TASK PROMPT –
Task for the records below: copy exactly from the first line on, stopping once the line with "Vilă - 9 camere" is copied, and leave out the pictures.

DATASET RECORDS –

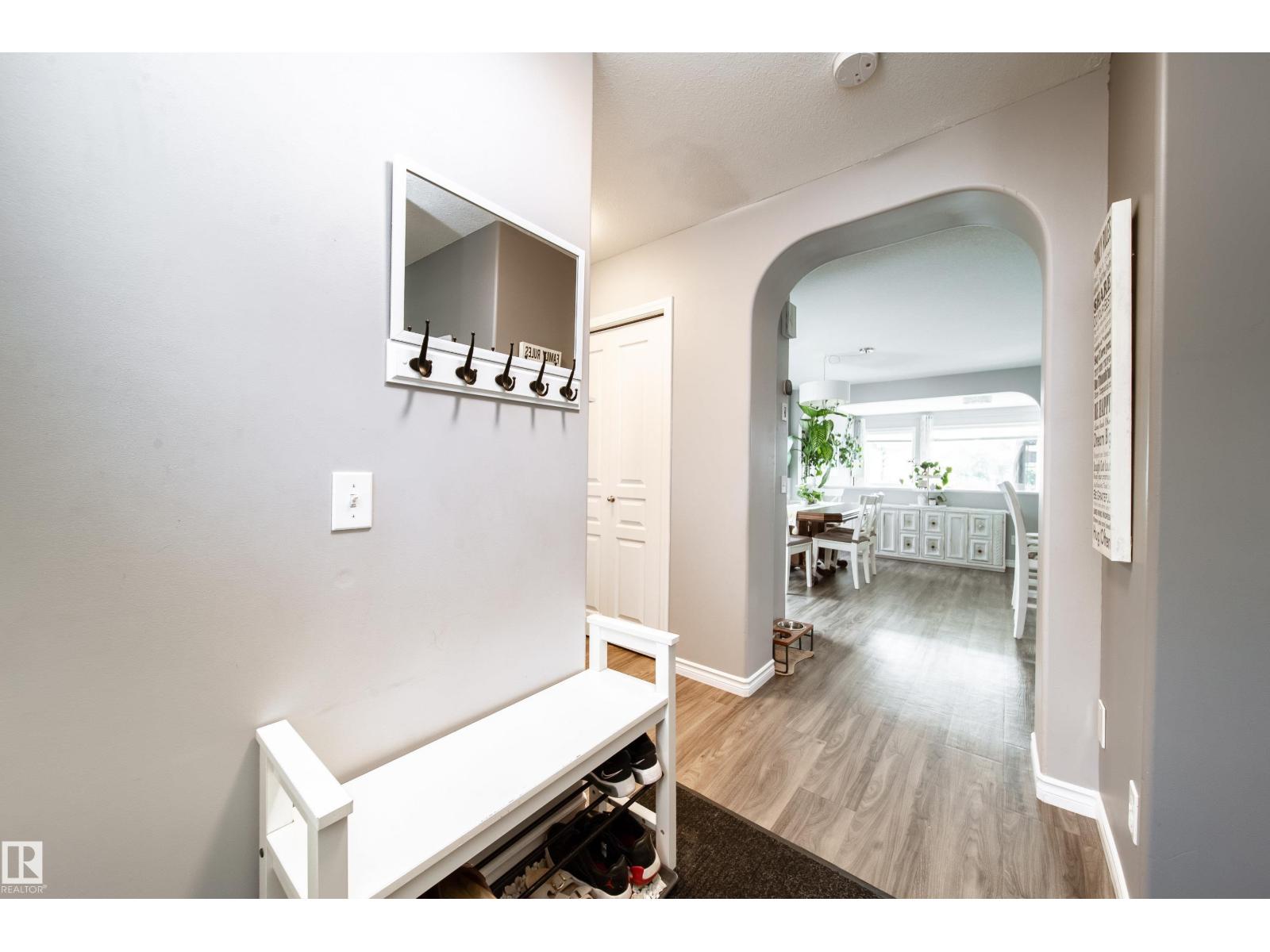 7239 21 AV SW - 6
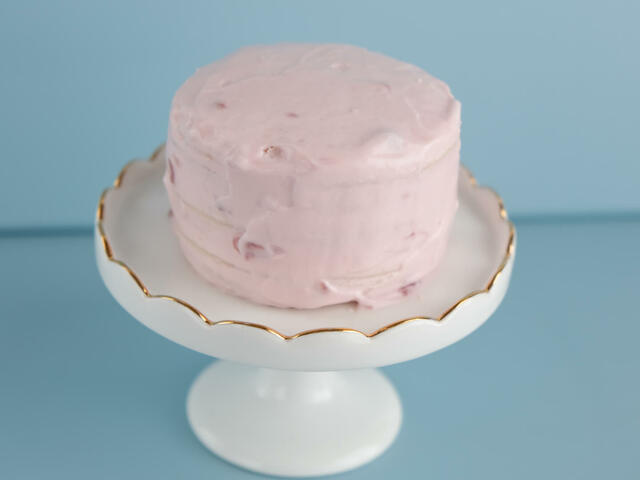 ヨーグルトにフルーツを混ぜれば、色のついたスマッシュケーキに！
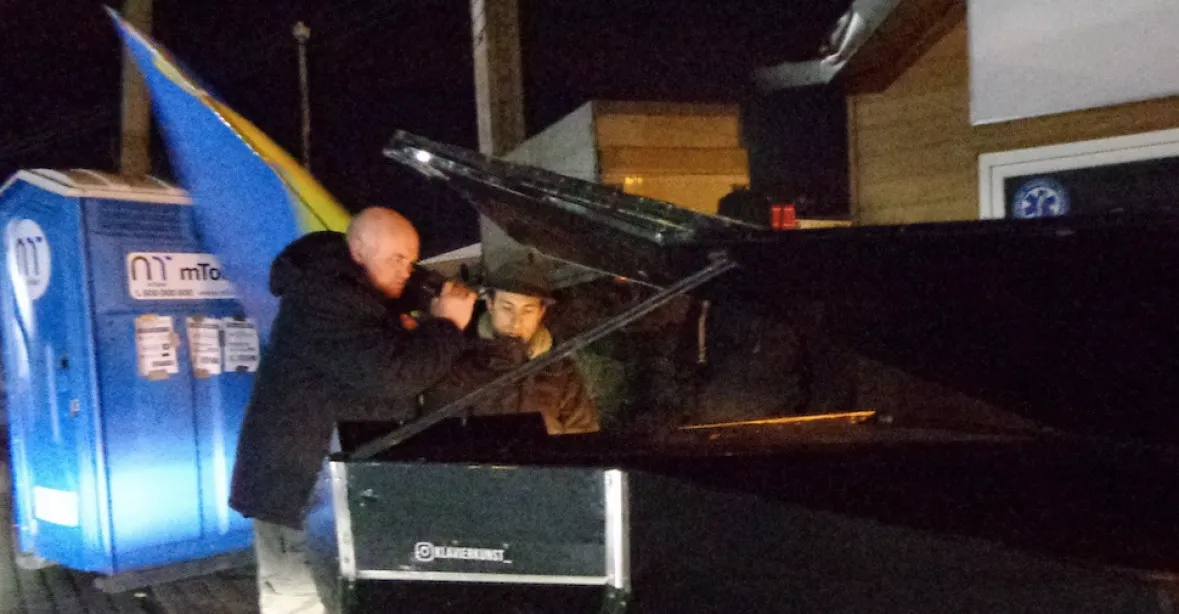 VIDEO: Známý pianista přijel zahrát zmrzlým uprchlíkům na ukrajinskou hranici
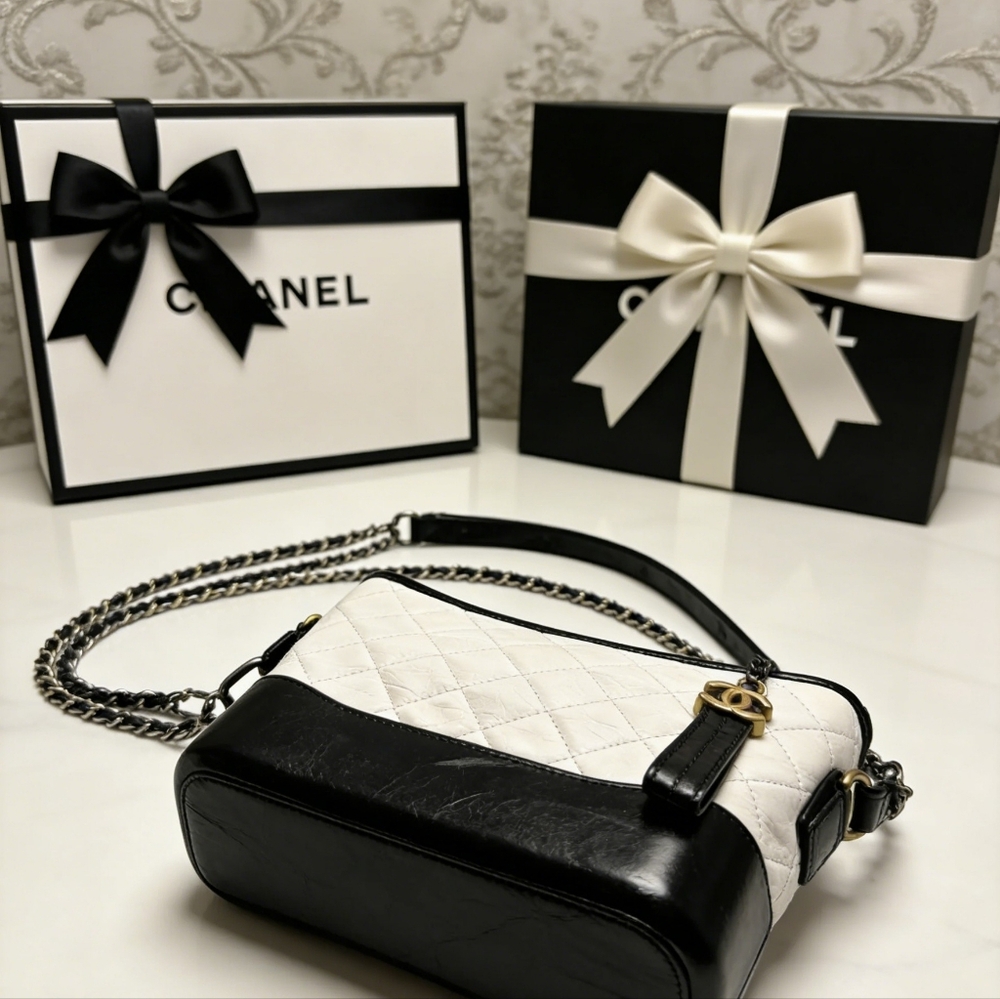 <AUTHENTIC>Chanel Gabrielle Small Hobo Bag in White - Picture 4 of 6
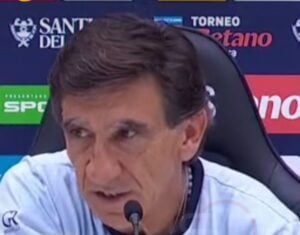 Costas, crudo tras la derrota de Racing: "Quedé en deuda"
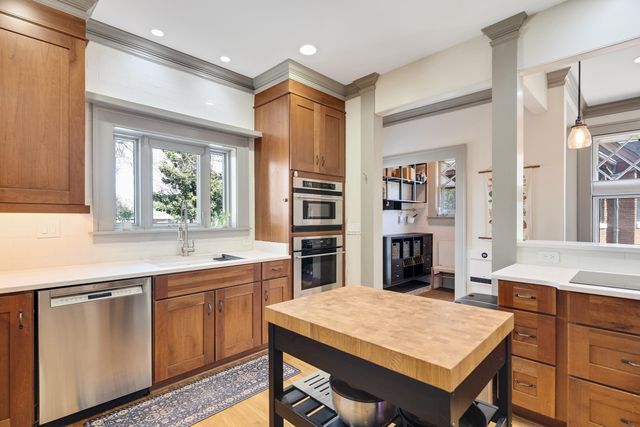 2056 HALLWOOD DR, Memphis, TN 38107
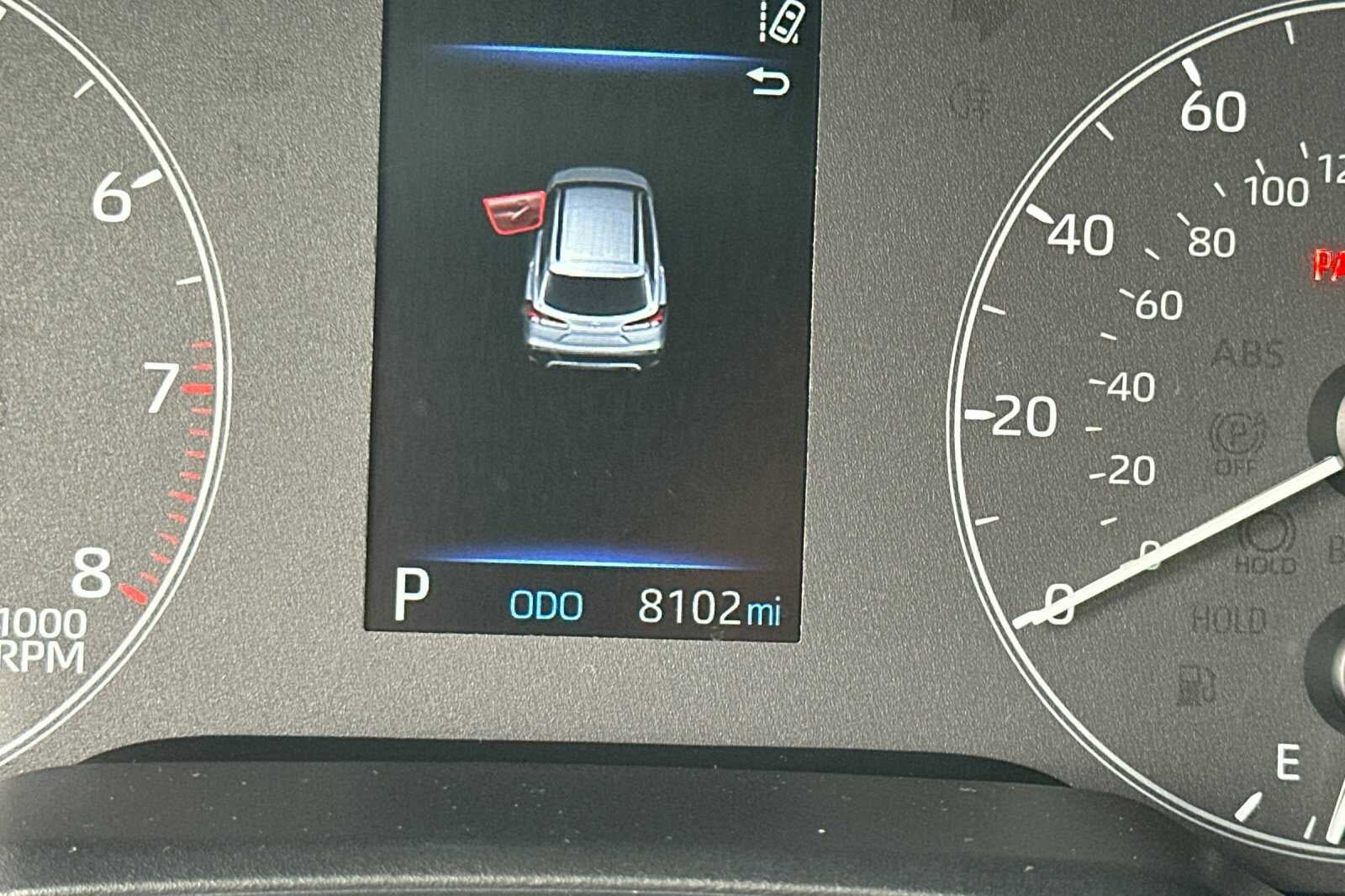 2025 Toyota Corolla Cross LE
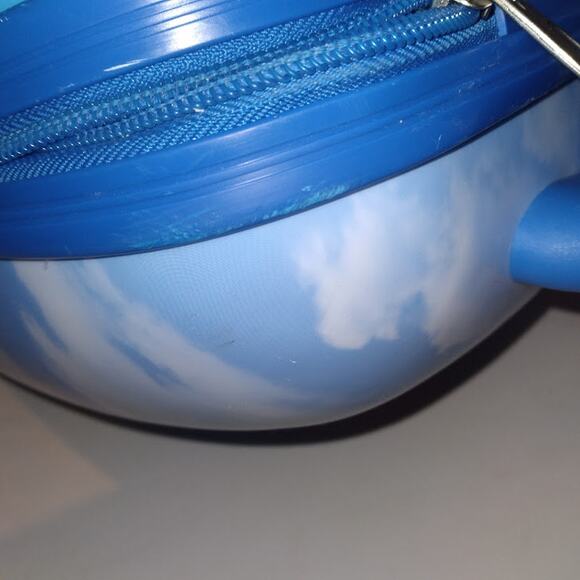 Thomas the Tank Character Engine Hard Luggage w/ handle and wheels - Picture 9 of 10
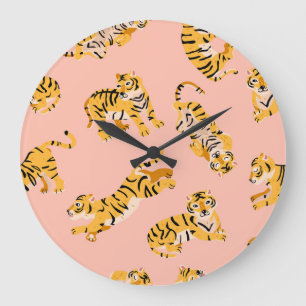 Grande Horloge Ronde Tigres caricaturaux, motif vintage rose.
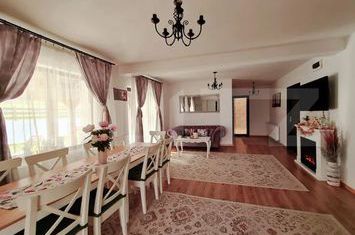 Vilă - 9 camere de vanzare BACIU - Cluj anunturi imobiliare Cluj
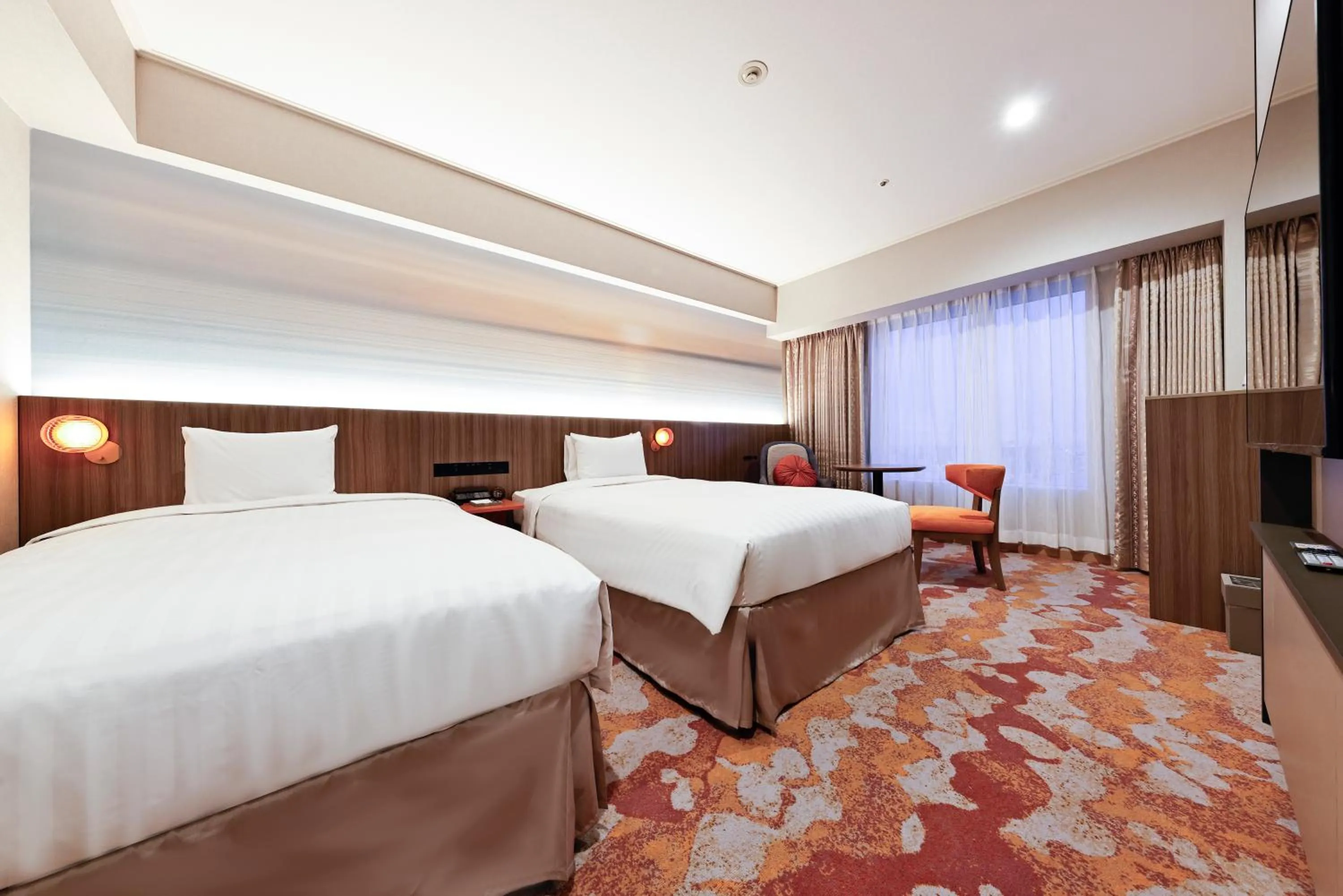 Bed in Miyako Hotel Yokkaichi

EXERCISE SOLUTION –
 7239 21 AV SW - 6
 ヨーグルトにフルーツを混ぜれば、色のついたスマッシュケーキに！
 VIDEO: Známý pianista přijel zahrát zmrzlým uprchlíkům na ukrajinskou hranici
 <AUTHENTIC>Chanel Gabrielle Small Hobo Bag in White - Picture 4 of 6
 Costas, crudo tras la derrota de Racing: "Quedé en deuda"
 2056 HALLWOOD DR, Memphis, TN 38107
 2025 Toyota Corolla Cross LE
 Thomas the Tank Character Engine Hard Luggage w/ handle and wheels - Picture 9 of 10
 Grande Horloge Ronde Tigres caricaturaux, motif vintage rose.
 Vilă - 9 camere de vanzare BACIU - Cluj anunturi imobiliare Cluj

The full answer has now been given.